Here are some common errors with some explanations :

  • [Error][RAPL] RaplReader : failed to configure.

    Rapl is not available on your machine. For the moment this is the only sensor plugin that can read CPU consumption. You can still disable it if your not interested in the CPU consumption, but only on the consumption of nvidia GPU. cf. Sensor plugins

  • [Error][NVIDIA] NVML is not available.

    If you don't have an nvidia graphic card, the explanation is easy the plugin won't work. You will have to deactivate it in the configuration file. cf. Sensor plugins.

    However, if you have a nvidia GPU make sure you have installed the Nvidia management library and that it matches the version of the nvidia drivers (sometimes it does not because.. nvidia). A quick test can be to run the command nvidia-smi. Nvidia NVML.

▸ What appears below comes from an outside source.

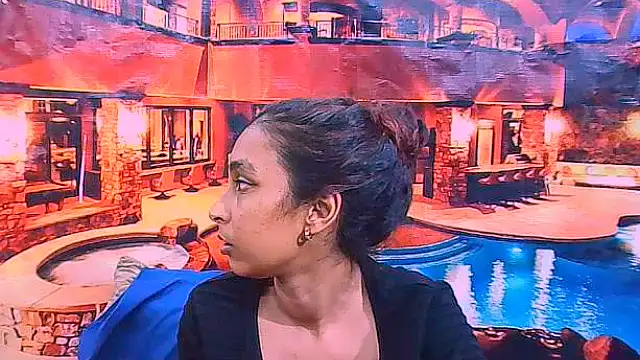 IndianSexyButt webcam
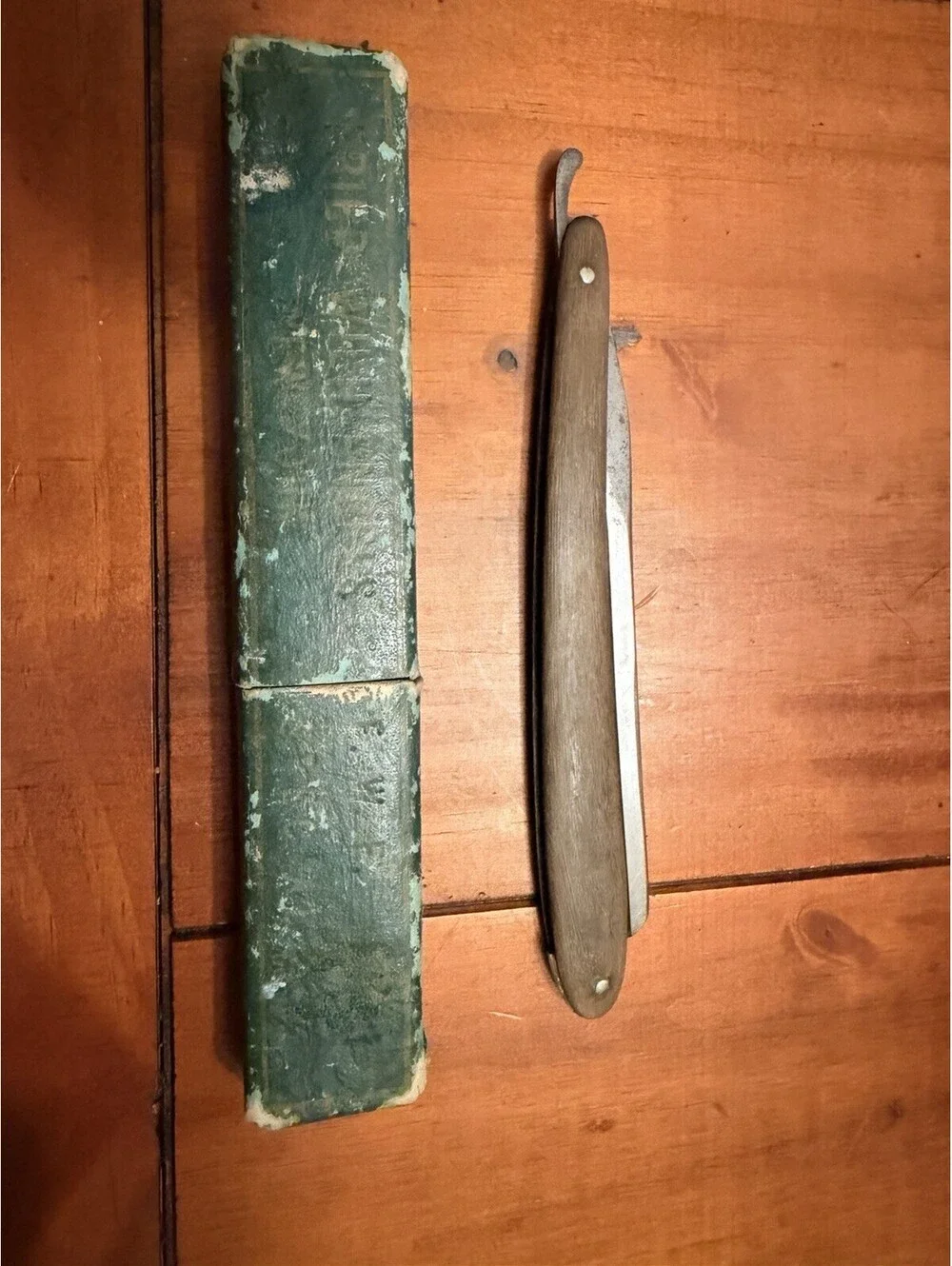 Vintage L.C. PARIS Straight Razor Mountain Logo & F.W. HERDYS Solingen Case Box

B. vJoule is running but I don't have any consumption for my processes ?

Here are some common tracks for explanation :

  • First you can check the result files of the whole system (/etc/vjoule/results/cpu for example). If they increment the sensor plugin and divider core are effectively running and working. Or run the command vjoule top to verify that vjoule is running and working properly.

  • The service runs at a given speed specified in the configuration file by the freq parameter. This specifies the number of iteration of the service per seconds (default being 1). This is an important information, if your application took less that a second to be executed, maybe the service just didn't have enough time to see it. To make sure your application will be seen by the service here a simple procedure to follow.

    1. Configure vJoule service to monitor your cgroups, and create them (cf. Cgroups).

    2. Watch the file /etc/vjoule/results/cpu using iowatch, or inotify and wait for a modification. Here you can check wether the directory corresponding to your cgroups are correctly created.

    3. Start your application and wait its end, or an event you have defined for your usecase.

    4. Watch the file /etc/vjoule/results/cpu using iowatch or inotify to make sure the service has finished its iteration.

    5. Read the result in the corresponding directory of your cgroups.

    6. Delete your cgroups, and remove them from the vjoule service configuration.

    Step 2 to 5 can be repeated multiple times, if you want to run multiple execution using the same cgroups.

  • If the cgroups you are watching appears and disappear during the execution (for example docker containers). Maybe the divider core plugin has simply deleted the result file when the cgroup disappeared. You can remove that behavior by modifying the flag delete-res in the configuration file of the service (cf. Divider core).